Please copy the lines below exactly, from the first one through the line showing "Neon outline of".
(Dataset entries Opens)
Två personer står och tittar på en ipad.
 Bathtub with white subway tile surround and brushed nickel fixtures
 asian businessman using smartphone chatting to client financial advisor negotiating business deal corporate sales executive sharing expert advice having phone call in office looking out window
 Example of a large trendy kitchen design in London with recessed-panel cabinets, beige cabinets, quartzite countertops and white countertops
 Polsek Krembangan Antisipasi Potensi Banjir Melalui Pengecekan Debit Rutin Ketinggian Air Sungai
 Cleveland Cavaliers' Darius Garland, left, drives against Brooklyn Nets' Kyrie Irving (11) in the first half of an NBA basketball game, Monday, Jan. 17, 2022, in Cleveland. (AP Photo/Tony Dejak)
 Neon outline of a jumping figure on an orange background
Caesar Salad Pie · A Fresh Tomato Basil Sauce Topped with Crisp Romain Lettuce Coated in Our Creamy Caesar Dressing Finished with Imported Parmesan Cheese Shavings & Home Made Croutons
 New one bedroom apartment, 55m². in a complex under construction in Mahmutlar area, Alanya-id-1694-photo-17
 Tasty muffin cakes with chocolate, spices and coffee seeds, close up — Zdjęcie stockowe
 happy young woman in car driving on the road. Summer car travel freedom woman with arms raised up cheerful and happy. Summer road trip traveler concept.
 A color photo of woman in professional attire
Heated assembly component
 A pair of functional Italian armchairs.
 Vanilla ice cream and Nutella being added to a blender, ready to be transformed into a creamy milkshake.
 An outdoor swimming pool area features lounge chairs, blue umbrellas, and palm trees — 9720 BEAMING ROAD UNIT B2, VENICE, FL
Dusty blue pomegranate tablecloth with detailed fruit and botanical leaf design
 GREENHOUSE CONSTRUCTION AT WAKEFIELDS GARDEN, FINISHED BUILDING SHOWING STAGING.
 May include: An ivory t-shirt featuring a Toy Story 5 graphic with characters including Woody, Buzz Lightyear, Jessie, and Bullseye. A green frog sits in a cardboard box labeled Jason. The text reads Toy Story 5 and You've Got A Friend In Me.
(Dataset entries Closes)
## Task solution
Två personer står och tittar på en ipad.
 Bathtub with white subway tile surround and brushed nickel fixtures
 asian businessman using smartphone chatting to client financial advisor negotiating business deal corporate sales executive sharing expert advice having phone call in office looking out window
 Example of a large trendy kitchen design in London with recessed-panel cabinets, beige cabinets, quartzite countertops and white countertops
 Polsek Krembangan Antisipasi Potensi Banjir Melalui Pengecekan Debit Rutin Ketinggian Air Sungai
 Cleveland Cavaliers' Darius Garland, left, drives against Brooklyn Nets' Kyrie Irving (11) in the first half of an NBA basketball game, Monday, Jan. 17, 2022, in Cleveland. (AP Photo/Tony Dejak)
 Neon outline of a jumping figure on an orange background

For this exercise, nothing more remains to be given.